• _Action item_
Below are the entries. Print only the lines starting at the one with "Modern Elegance with" and ending at the one with "Passagiere auf einem", exactly, with no pictures.
(Beginning of Exercise materials)
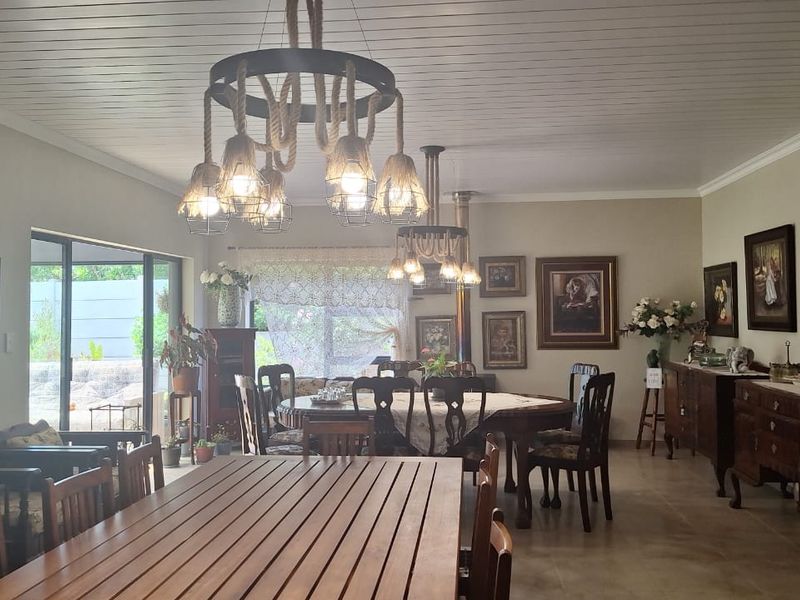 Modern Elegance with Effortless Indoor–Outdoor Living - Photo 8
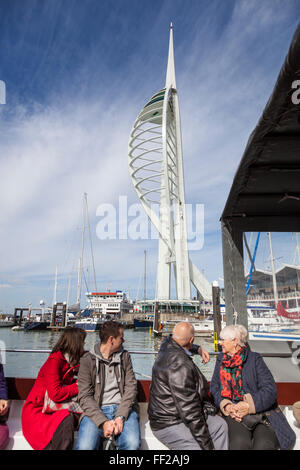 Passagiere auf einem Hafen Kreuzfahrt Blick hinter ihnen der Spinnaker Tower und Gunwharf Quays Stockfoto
(End of Exercise materials)
(Beginning of Exercise materials)
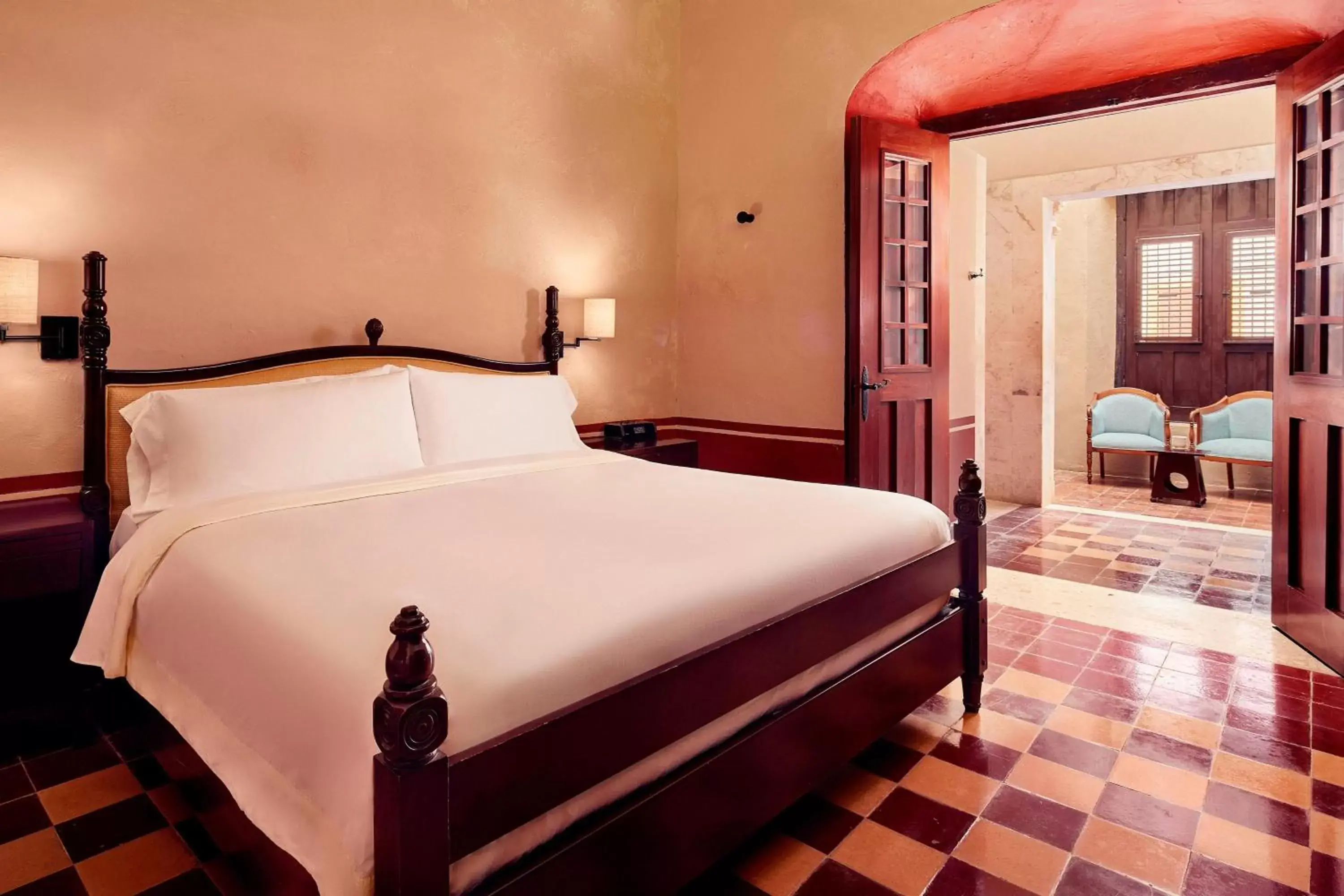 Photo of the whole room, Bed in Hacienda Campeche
(End of Exercise materials)
• _Answer area_
 Modern Elegance with Effortless Indoor–Outdoor Living - Photo 8
 Passagiere auf einem Hafen Kreuzfahrt Blick hinter ihnen der Spinnaker Tower und Gunwharf Quays Stockfoto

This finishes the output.